Introduction
What is an Awesome Company?
If you've worked at least a decade in the IT industry, at a "fast-paced startup" or a "big corporation", you'll likely know exactly what is not an awesome company. Here's my personal list of non-awesome-company features:
- Meetings. Long, dreadful, useless, meetings.
- Mandatory in-office, on-site, fixed desk, cubicles.
- Interruptions. Constant interruptions throughout the day.
- Little to no time-off. Expected to work 400 days a year.
- Disrespect of your personal life, goals, interests, ambitions.
- Way below market salary. When digging ditches starts to look appealing.
- Focus on just getting things out there, adding to tech debt.
- Moving fast, coding fast, no tests, cowboy force pushes to production.

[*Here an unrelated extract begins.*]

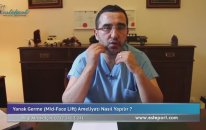 Dr. Ali Mezdeği - Yanak Germe Ameliyatı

- 10x co-workers, rockstars.
- Outsourced vendors who suck, and being forced to "deal" with them because they're "cheap".
I could write a million things here, but you get the point.
An awesome company is pretty much the exact opposite of the above. An awesome company goes out of its way to hire the right people, to institute sane company policies, to hire people who are "normal", yet who lead interesting lives. That's what makes them awesome. In my nearly two decades working at various companies, I've seen both, and unfortunately "normal" is not the "norm".
I feel like I should have titled this book:
How to get a job at a Normal Company
Why a normal company?
Most people don't consider normal to be a good thing. Perhaps our definition of normal needs to change. Since normal still holds a negative connotation, I'll just replace it with the word awesome for the remainder of this book.
How to be awesome?
Don't be content with the status quo, with how things are, with how things will be in the future.
Strive to be better, to learn new things, to challenge yourself, and to improve in areas where it's needed. Help others become better.
Just know that even if you're not awesome right now, you can be awesome in the future. By the end of this book, you'll hopefully have the toolset necessary to become an awesome Sysadmin (or SRE, DevOps, etc), and hopefully get a job at an Awesome Company.